You are right, the difference between them is very small and with large $N$ will disappear. In fact most people (at least in my experience) are not aware of any of this; "Cohen's $d$" is often used generically, many people have not heard of Hedges' $g$, but they use the latter formula and call it by the former name. The difference is that Cohen used the maximum likelihood estimator for the variance, which is biased with small $N$, whereas Hedges used Bessel's correction to estimate the variance. (For more on this topic, it may help you to read this CV thread: What is the difference between N and N-1 in calculating population variance?) The corresponding formulas are often known as the population formula for the variance and the sample formula. Recall that these are:
\begin{align}
\text{Var}(X)_\text{population} &= \frac{\sum (x_i-\bar x)^2}{N} \\
~ \\
~ \\
\text{Var}(X)_\text{sample} &= \frac{\sum (x_i-\bar x)^2}{N-1}
\end{align}
As $N$ increases indefinitely, these two estimates will converge to the same value.

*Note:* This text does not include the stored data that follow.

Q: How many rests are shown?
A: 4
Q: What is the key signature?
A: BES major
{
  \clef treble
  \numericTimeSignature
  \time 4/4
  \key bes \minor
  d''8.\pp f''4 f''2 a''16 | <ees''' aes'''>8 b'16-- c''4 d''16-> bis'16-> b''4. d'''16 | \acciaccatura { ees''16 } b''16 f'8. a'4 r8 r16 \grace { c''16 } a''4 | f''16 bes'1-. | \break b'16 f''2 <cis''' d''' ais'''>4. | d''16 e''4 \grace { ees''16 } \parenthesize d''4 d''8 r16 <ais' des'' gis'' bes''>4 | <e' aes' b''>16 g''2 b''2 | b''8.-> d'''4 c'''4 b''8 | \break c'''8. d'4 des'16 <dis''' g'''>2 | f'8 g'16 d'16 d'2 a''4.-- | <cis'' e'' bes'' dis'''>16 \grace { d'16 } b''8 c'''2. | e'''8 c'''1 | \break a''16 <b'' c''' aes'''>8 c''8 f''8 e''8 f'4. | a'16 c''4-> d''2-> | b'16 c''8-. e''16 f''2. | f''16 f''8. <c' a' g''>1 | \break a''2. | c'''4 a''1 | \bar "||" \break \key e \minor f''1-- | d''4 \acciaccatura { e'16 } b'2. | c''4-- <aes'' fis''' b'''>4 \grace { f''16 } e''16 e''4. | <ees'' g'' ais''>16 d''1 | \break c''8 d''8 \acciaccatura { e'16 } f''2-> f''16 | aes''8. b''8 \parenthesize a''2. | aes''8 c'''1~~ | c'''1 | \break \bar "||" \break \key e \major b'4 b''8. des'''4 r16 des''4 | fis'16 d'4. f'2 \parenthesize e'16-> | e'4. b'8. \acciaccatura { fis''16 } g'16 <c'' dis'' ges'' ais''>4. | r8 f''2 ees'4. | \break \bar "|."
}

However, with small samples, the population formula will underestimate the variance because it does not take into account the fact that the mean, $\bar x$, was estimated from the same dataset. When these estimates are subsequently used to estimate the standardized mean difference, that implies that the former will overestimate the effect size.
Thus, with small samples, Hedges' $g$ provides a superior estimate of the standardized mean difference, but the superior performance fades as the sample size increases.